Real Possibilities, Available Now
Access to LLMs within the secure confines of a workspace provides capabilities to both researchers and clinicians. EHRs contain rich and longitudinal information about patients’ demographics, diagnoses, treatments, outcomes, and other clinical data. LLMs can be used to enhance EHRs by performing tasks such as medical transcription, clinical decision support, predictive health outcomes, and personalised treatment plans.
Code copilots can be used to generate Python or R code for analysis of structured data. Data can be provided to the offline LLM and questions asked of that data.

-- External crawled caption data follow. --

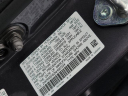 Thumbnail image of 2022 Honda CR-V at Schaller Subaru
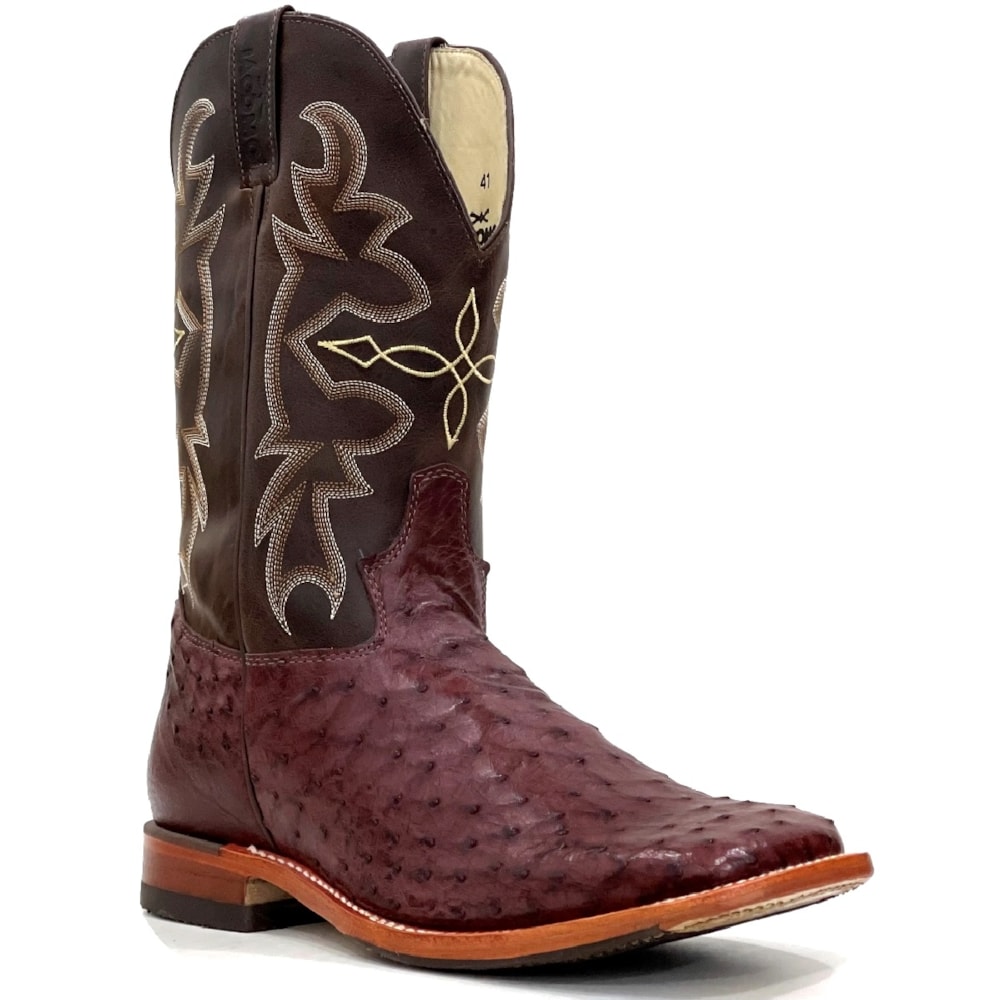 image_1726dd5e-862a-48e3-9939-2f1b74c884c4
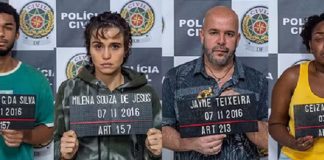 justiça2.3poster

Experimentation is taking place to compare the output of a LLM natural language query with code and SQL based approaches.
R Shiny applications can be developed by coders to enable access to LLMs trained on a large cohorts of healthcare data that the workspace has been granted access to, in order to provide a ‘no-code’ natural language query on data.

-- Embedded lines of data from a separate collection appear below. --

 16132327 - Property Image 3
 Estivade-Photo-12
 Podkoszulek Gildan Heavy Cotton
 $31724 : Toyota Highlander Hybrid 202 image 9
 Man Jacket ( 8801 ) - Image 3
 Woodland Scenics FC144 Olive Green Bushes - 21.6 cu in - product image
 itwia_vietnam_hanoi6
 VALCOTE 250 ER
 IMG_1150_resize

LLMs can assist in harmonisation or the transformation to a common data model such as OMOP (see last blog from Eoghan), by identifying common data types and assisting in mapping between datasets consistently.
This technology will only improve from here on. We are already interacting daily with AI from predictive text on our smartphones, to Netflix entertainment recommendations, to assistant chatbots, internet search replacements and only a few weeks ago OpenAI revealed Sora, a text to video creation tool. Use of LLMs to query data, assist with trends and diagnosis, help with labeling and classification of medical images and finding trends in vast volumes of streaming data from wearables will accelerate positive outcomes for all, and as the biotech and AI technological fields combine, the calls for regulation, control, governance, audit and containment of these technologies within secure spaces will only grow louder.